Banks fleeing post-Brexit U.K. face fresh regulatory scrutiny

Global banks moving operations from the U.K. to the European Union because of Brexit are poised to face fresh regulatory scrutiny on the value of their assets and capital as the bloc's top watchdog seeks to curtail risks.

The European Central Bank and national authorities will conduct an in-depth review of the largest firms' balance sheets, including their most illiquid assets, Ed Sibley, a member of the ECB supervisory board, said in an interview. Barclays and Bank of America, which picked Dublin as their new EU headquarters, will be assessed as early as possible this year, according to Sibley, who is also a deputy governor at the Central Bank of Ireland.

Billingsgate Fish Market stands in front of the Barclays and the HSBC headquarter buildings in the Canary Wharf financial, business and shopping district in London.

The examination may lead to higher capital requirements or losses on assets for some of the banks shifting regional businesses to Frankfurt, Dublin and other parts of the bloc after the U.K.'s separation from the EU. The ECB's sweeping assessment shortly after taking over eurozone banking supervision in 2014 led to the identification of a 25-billion-euro ($28 billion) capital shortfall and recognition of more bad loans, but that wasn't enough to prevent some lenders from collapse or seeking taxpayer-funded bailouts in the years since.

"It's a rigorous process," Sibley said of the review. "There's more friction than there was before Brexit. That's Brexit."

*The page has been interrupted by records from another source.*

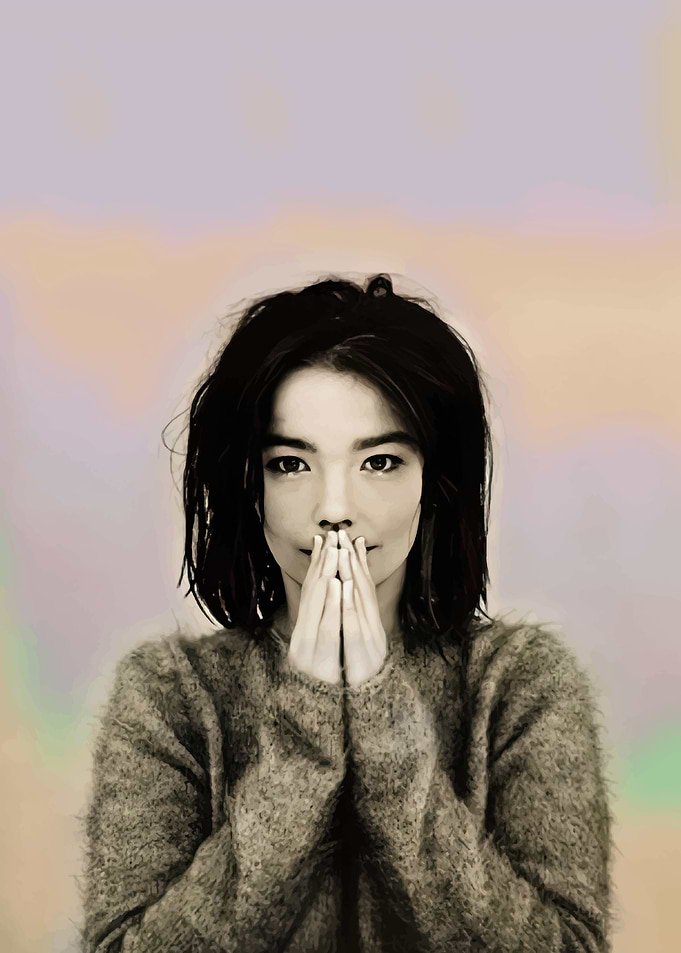 Bjork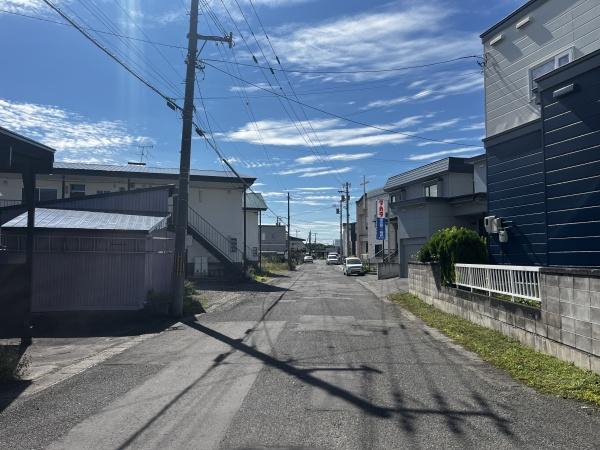 旭川市神楽四条１１丁目の中古一戸建て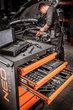 Wózek narzędziowy NEO Tools 7 wysuwanych szuflad 84-222 (5907558422245)   - obraz 4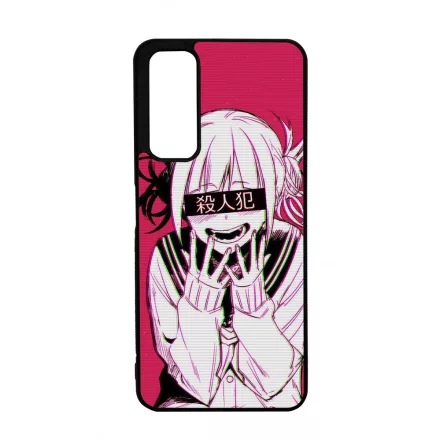 Himiko Toga - Glitch - mha - my hero academia boku no Huawei P Smart (2021) tok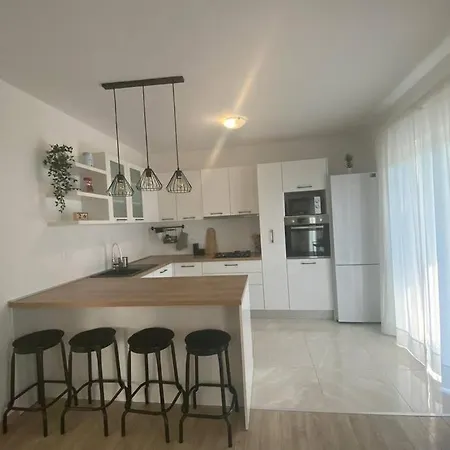 Private Countryside House Three Figs * Gruda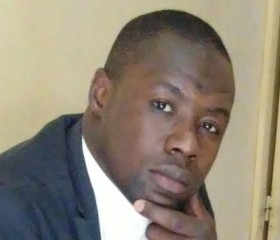 Lemzo, 39 лет, Dakar
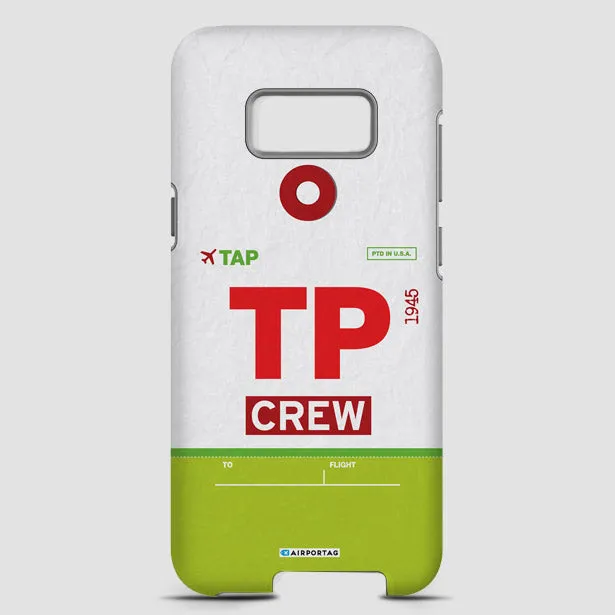TP - Phone Case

The ECB's assessment will include scrutiny of assets branded as Level 2 and 3, which are typically held largely by investment banks and are at least partially valued using estimates rather than external data, according to Sibley. Those assets "are inherently opaque and these are areas we've seen problems in in the past," he said.

A no-deal Brexit would hurt the Irish economy given its links to the U.K., "but from a financial-stability perspective, it is in the realm of the manageable," according to Sibley. He declined to estimate the volume of assets that are likely to be transferred to Ireland. "In a harder Brexit, we might expect a bit more than if there is a deal that is done," he said.